Renewal theory

Renewal theory is the branch of probability theory that generalizes Poisson processes for arbitrary holding times. Applications include calculating the best strategy for replacing worn-out machinery in a factory (example below) and comparing the long-term benefits of different insurance policies.

Renewal processes

Introduction

A renewal process is a generalization of the Poisson process.

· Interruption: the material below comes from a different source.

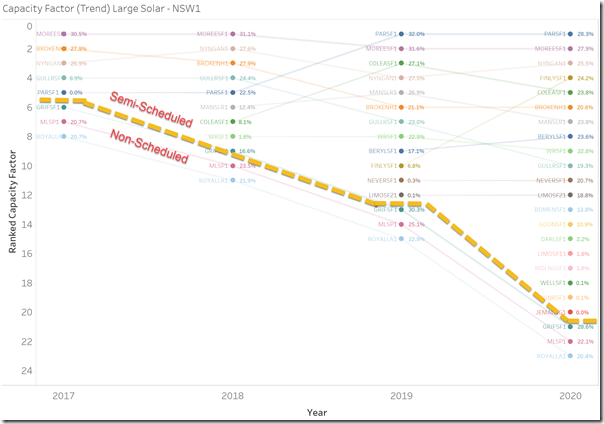 GSD2020-nsw_solar_trend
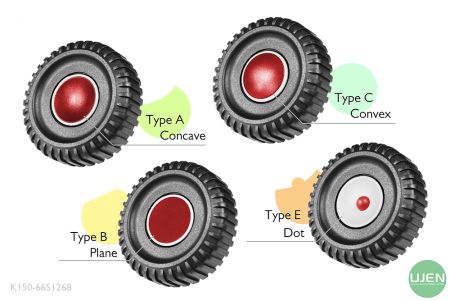 Quatre formes différentes (concave, plane, convexe et point) avec des boutons en forme.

In essence, the Poisson process is a continuous-time Markov process on the positive integers (usually starting at zero) which has independent identically distributed holding times at each integer ${\displaystyle i}$ (exponentially distributed) before advancing (with probability 1) to the next integer: ${\displaystyle i+1}$. In the same informal spirit, we may define a renewal process to be the same thing, except that the holding times take on a more general distribution. (Note however that the independence and identical distribution (IID) property of the holding times is retained).

Formal definition

Sample evolution of a renewal process with holding times Si and jump times Jn.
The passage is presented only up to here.